Understanding The Difference Between Collective Bargaining Rights For Private Versus Public Employees

As state and local governments grapple with balancing budgets since they cannot simply print up more money like the federal government every time they need more money to spend, the increasing debate over the collective bargaining rights of public employees has taken center stage. While more than 2 million federal employees lack collective bargaining rights under federal law, many state and local government employees have collective bargaining rights, particularly public school teachers. Those who defend full collective bargaining rights of public employees fail to recognize an important distinction that exists between public and private sector employment. Fellow blogger Fred McCarthy does an excellent job of explaining the key difference and why the taxpayers should support efforts to constrain the rights of public employees to collectively bargain:

Business A is unionized and produces revenues. A bargaining session between labor and management is designed primarily to determine what constitutes a reasonable share of those revenues for each group. To the extent that they are sharing a fixed amount, the bargaining is adversarial. What one gains, the other loses.


For public employees bargaining is between union leadership and elected officials. Both sides have every incentive to be generous. The employee gets more - salary and/or benefits. The politician gets the support of the union political arm at the next election. The inclusion of benefits is a plus for the politician since payment for these extras is a "can kicked down the road," well beyond the prospective career of the office holder. And of course the beauty of it all is that they’re dealing with someone else’s money. The taxpayer is never adequately represented at the table at all!
Fred hits the nail on the head with his observation that the taxpayers are never adequately represented at the table during public employee bargaining sessions. Increasingly, we're not even adequately represented in our elected legislative bodies at the state and local level as an increasing number of these elected officials hold public sector jobs as well, sometimes voting on their government employer's budget. Local city councils are filled with police, firefighter and other government employees who have a completely different perspective on government spending and taxation than those of us who work in the private sector.

There is a big exception in the private sector where the loser in these negotiations is the taxpayers as opposed to the employer or employees. I'm talking, of course, about professional sports teams whose businesses are heavily subsidized by the taxpayers. The Star's Bob Kravitz bemoans the greed of the NFL owners in the current union negotiations with the players. He seems to believe it is only the owners who benefit from the taxpayers' generosity:

It must be a tough gig, being an NFL owner.


The franchise you bought is worth exponentially more now than when you purchased it.

You're guaranteed millions of dollars in television revenues, the vast majority of a team's dollars coming from that shared pot of TV bucks.

You're virtually guaranteed a sellout every game, whether your team is any good or not.

The contracts you give to your players aren't guaranteed -- except for the initial signing bonus -- meaning you can cut a player tomorrow and either set him free or re-sign him for vastly fewer dollars.

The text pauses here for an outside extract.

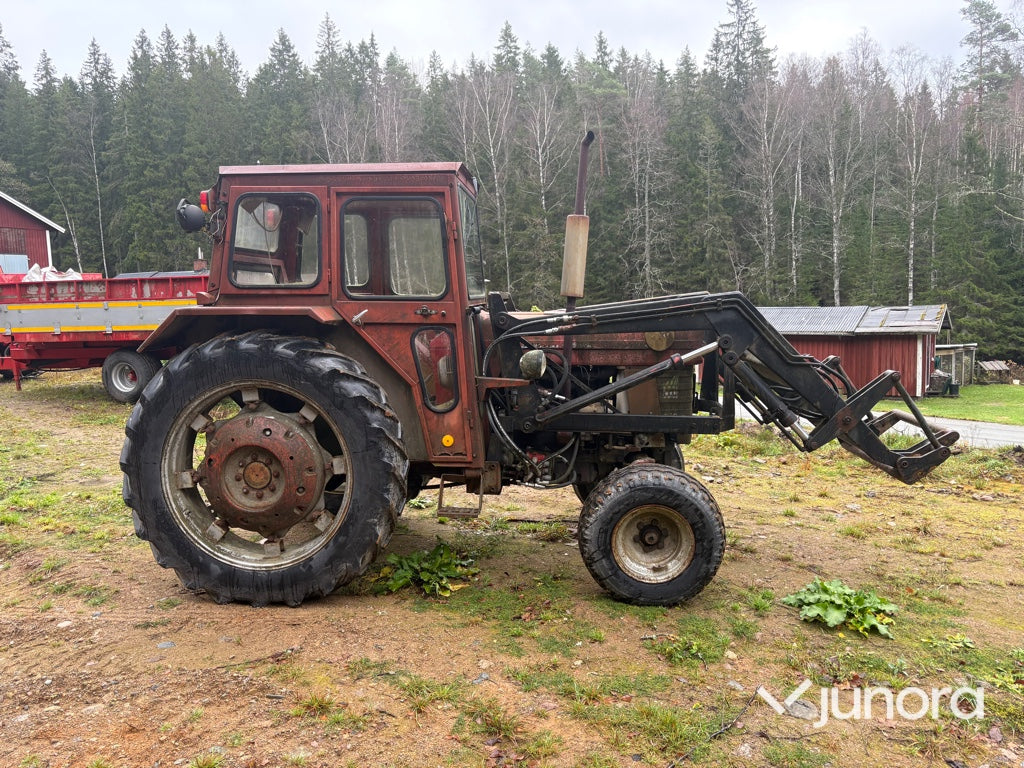 Traktor Massey Ferguson 175 S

And when you ask your workers to take a pay cut -- right now, they want the players to swallow a 12-15 percent loss of income -- you don't even have to show your financial books to prove that you're (cough, cough) losing money and need help from labor . . .

It's fashionable to say, "A pox on both their houses. Millionaires versus billionaires. I'm not rooting for anybody in this labor war."


Fine.

I'm rooting for the players, and with absolutely no hesitation.

The union isn't asking for much of anything in these negotiations. They're not asking for a single dollar more than they made off the last collective bargaining agreement. People need to remember, this won't be a strike, it'll be a lockout. The players want to play, and if they can negotiate some more jobs for their union and get better health benefits for former players, that's great.

But it comes down to this: The owners want a bigger piece of the huge revenue pie. They want it because so many of them have to pay debt service on their new stadiums, most of which were built with taxpayer dollars and bring each owner millions of additional dollars in revenue.
As far as I'm concerned, both sides are too greedy. In a real world, neither the team owners nor their players would be making anything approaching their current haul if the sporting industry paid the tab to build these sports palaces instead of the public. The least they could do is pay property taxes on the stadiums that are built by taxpayers when all of the revenues the facility generates are kept by the owner and all of the expenses of maintaining the facilities are paid by the taxpayers as is the case with Colts' owner Jim Irsay. Kravitz is right that team owners should be required to release audited financial statements, not for the benefit of the players in labor negotiations, but for the benefit of the taxpayers who are subsidizing their sport so heavily. The team owners may be making too much money from their sport but so are the players. If there is a fairer deal to be negotiated in these talks, it is a fairer deal for the taxpayers, particularly those of us who could care less whether they play or sit on their asses and can't begin to afford to shell out the money it takes to attend the games held in the facilities built and maintained with our tax dollars.

2 comments:

Pete Boggs said...

It's elective vs. defective.

Downtown Indy said...

Let's check something. Who has a 'right' to collective bargaining?

I thought that was merely something hammered out and agreed to between parties in contractual language. Period.